To: H James Morris who wrote (145045)8/8/2002 11:48:42 AM
From: Oeconomicus  Read Replies (1) | Respond to of 164684
 
HJ, let me see if I can explain this in a way that you can understand.

EBITDA is nothing more than a number calculated by adding and subtracting certain line items on an income statement. As such, it is neither good nor evil - it just is.

The "problem" you keep harping on is not a result of anyone knowing or not knowing what the EBITDA number IS for a particular company, because that information is or should always be available to those who care to know it and any good company should always make it as easy as possible for investors to find this kind of basic information.

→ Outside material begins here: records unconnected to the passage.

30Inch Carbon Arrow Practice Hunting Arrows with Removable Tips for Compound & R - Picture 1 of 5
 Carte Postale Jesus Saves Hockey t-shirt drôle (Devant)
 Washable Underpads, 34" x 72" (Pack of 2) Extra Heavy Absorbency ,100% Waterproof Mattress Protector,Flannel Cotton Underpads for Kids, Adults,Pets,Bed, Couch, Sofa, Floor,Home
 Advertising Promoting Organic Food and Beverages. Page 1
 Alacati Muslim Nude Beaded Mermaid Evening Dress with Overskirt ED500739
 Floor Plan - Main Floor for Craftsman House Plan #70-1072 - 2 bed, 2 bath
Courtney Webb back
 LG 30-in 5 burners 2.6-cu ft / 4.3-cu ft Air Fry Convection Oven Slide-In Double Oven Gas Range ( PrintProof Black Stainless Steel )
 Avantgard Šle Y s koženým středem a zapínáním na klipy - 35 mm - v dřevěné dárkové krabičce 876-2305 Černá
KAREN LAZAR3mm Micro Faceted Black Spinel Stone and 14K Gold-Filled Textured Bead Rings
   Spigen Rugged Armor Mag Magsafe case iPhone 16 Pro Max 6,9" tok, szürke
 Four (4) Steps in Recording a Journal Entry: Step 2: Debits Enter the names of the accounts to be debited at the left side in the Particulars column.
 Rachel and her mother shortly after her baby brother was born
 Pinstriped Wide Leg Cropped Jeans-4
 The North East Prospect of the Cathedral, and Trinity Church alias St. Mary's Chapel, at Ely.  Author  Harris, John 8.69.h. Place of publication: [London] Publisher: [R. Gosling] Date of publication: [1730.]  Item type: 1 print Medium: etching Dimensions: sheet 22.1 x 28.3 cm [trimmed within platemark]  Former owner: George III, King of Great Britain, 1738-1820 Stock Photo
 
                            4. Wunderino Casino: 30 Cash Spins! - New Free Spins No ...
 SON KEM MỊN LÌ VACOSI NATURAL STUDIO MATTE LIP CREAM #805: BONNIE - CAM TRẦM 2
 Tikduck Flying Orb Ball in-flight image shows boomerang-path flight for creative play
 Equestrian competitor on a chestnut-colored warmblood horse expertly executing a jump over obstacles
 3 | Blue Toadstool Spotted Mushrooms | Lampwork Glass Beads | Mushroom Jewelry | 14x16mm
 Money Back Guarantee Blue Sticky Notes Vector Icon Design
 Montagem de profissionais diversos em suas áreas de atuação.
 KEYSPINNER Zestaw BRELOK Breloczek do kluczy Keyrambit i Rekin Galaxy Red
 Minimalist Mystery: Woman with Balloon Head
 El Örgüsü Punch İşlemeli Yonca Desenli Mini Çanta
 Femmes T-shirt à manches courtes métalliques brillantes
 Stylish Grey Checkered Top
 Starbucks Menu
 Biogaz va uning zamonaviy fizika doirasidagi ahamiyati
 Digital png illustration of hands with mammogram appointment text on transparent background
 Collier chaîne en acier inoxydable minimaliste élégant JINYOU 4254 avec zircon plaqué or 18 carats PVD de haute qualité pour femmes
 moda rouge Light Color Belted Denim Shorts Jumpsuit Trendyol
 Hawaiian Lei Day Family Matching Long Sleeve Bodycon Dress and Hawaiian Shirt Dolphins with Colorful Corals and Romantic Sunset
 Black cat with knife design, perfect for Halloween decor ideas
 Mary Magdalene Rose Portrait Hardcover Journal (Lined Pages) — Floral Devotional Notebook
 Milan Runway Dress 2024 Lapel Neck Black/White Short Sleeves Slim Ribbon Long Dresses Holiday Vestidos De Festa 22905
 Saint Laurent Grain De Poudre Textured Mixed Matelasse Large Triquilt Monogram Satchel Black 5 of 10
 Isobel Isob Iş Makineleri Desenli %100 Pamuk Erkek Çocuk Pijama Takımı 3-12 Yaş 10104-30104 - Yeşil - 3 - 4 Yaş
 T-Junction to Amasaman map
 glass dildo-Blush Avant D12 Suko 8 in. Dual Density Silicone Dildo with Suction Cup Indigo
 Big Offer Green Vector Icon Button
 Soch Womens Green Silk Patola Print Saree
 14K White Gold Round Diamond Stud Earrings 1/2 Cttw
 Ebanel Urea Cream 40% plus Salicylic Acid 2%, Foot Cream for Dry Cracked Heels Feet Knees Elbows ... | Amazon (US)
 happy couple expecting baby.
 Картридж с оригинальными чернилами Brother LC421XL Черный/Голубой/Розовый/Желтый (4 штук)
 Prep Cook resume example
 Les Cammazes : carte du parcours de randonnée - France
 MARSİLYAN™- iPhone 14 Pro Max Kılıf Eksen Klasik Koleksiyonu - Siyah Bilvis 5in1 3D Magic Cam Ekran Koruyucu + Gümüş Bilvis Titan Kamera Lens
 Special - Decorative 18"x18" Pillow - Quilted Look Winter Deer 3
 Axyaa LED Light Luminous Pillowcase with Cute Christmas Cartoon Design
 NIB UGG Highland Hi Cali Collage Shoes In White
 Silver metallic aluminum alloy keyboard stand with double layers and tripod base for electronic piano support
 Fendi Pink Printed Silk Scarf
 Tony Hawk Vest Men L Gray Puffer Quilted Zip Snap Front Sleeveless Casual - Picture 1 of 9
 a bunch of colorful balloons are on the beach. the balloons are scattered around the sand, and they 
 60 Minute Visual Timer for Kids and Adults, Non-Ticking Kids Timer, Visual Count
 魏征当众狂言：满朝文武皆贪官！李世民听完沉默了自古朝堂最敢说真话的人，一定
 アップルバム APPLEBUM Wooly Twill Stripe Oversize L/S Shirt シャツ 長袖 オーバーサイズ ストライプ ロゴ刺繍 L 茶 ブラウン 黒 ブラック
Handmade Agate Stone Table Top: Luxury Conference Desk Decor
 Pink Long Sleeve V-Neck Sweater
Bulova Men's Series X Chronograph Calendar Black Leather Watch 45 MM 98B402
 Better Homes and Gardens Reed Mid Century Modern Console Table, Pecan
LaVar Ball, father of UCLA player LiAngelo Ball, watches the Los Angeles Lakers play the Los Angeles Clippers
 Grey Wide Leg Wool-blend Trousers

Rather, the problem is in how some companies might use the number to distract users of their financials from a more complete and possibly less favorable picture reality.

If, for example, AMZN management told investors to focus on only EBITDA (or EBITDMA as CFO Covey once did) because none of the other numbers - interest, CAPEX, working capital needs, cash, or debt - mattered, then they would be attempting to mislead investors because they are telling investors to ignore critical information that might lead them to a different conclusion about the viability or even solvency of the business.

OTOH, if they simply said "our EBITDA for Q2 was $xxxx, our net income was ($yyyy), our free cash flow was ($zzzz), and our debt increased by $aaaa to $bbbb" then there is no issue.

You got that now? More information is good - less is bad. Reporting EBITDA is good - hiding everything else is bad.